Downtown Honolulu was a ghost town. The people on our bus and one other tourist bus were the only people evident. The driver commented about the lack of traffic, and that people must still be in their homes or shelters. We weren’t certain we could see Pearl Harbor because it had been closed following the false alert, but it reopened before we reached the site.
The possibility of what could have been did indeed make our Pearl Harbor experience more realistic and sad. The way World War II ended, with the atomic bombing of Hiroshima and Nagasaki, brought to mind the images of children and adults who suffered from the bombing, with flesh hanging from them and radiation burns. Our own flesh tingled with the thought that we were spared perhaps a similar fate, and our remorse was deepened—remorse that war ever entered human thought.
Nancy and I will be forever grateful that the alert was false. I had thought, before we went on our trip, that a missile from North Korea could be fired at Hawaii given the bullying rhetoric between the presidents of the two countries. But I went anyway, confident that it wouldn’t happen yet, at least not until after we returned home!
The experiences of that Saturday have left me with four “take aways,” to which I need to pay attention and which I commend to anyone with whom I can share these learnings:
- Never consider that any sort of tragedy will never happen to you. That doesn’t mean we resolve never to go to Hawaii, or try any other venue, event, or experience. Just avoid that false cockiness that you are exempt from harm no matter what may come—otherwise you may be in for a very rude awakening!

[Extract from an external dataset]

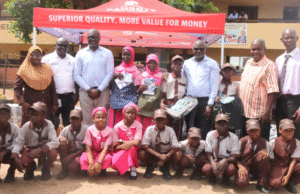 Public Schools In Lagos Receive Supply Donations From Dangote Cement From Left: Principal, Girls Junior Academy, Bello Afolake; Group Lead, Environment & Sustainability, Dangote Industries Limited, Dr. Adeyemi Adun; Group Chief, HSSE & Sustainability, Dangote Industries Limited, Dr. James Adenuga; Head of Social Performance, Dangote Cement Plc, Wakeel Olayiwola; Director (Schools Admin) representing Tutor General/ Permanent Secretary of Education District III, Bolaji Rotimi; Principal, Boys Junior Academy, Sobanke Rafiu, and Students of Girls and Boys Junior Academy, during the donation of educational materials by Dangote Cement Plc in Lagos on Thursday, October 30, 2025…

- Keep your important papers up to date, including wills, notes about where your executor may find papers and keys, etc., in the event something tragic happens to you. The thought occurred to me, while awaiting the missile attack, that my own records were not up to date. I should have done that before I even boarded an airplane!
- Whatever faith you have or hold, keep it alive and vibrant. Nancy and I were sustained by our faith during the intense wait for an expected missile. In fact, in retrospect, that was all we had as we stood like statues against the wall. What a contrast between that vulnerable wall and the strong arms of a saving God!
- We all need to do more witnessing for peace. I left Hawaii with this conviction. We need to work to change the basic human notion that defense exists only by having a bigger missile than everybody else, and that supremacy can be achieved by being the Big Bully. The United States needs to be great again by being the world’s leader in its respect for all God’s people, and by working at negotiation, sharing, and cooperation.
I’m beginning my witness by sharing this learning from my experience in Hawaii with everybody who will listen.
Fred Swartz is a retired Church of the Brethren pastor who has served on the communications staff of the denomination and as secretary of Annual Conference.